--- START ---

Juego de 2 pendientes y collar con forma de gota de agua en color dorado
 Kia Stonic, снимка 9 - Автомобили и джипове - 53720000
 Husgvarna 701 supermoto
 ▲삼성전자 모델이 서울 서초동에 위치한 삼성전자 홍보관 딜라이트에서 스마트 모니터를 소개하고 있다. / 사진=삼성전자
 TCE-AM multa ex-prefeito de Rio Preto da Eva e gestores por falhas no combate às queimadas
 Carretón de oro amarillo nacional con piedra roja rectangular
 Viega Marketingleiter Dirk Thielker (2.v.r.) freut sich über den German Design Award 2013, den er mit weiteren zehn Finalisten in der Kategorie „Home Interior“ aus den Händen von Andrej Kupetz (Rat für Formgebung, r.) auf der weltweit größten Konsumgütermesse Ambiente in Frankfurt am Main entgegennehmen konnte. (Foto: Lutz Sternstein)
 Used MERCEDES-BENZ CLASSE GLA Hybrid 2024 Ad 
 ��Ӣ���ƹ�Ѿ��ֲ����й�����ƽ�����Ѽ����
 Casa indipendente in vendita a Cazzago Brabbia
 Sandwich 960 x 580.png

--- END ---

**REQUIRED ACTION:**
What you return must be the line that contains "Used MERCEDES-BENZ CLASSE" followed by every remaining line of the material, all exactly as written and nothing more.

**ANSWER BOX:**
 Used MERCEDES-BENZ CLASSE GLA Hybrid 2024 Ad 
 ��Ӣ���ƹ�Ѿ��ֲ����й�����ƽ�����Ѽ����
 Casa indipendente in vendita a Cazzago Brabbia
 Sandwich 960 x 580.png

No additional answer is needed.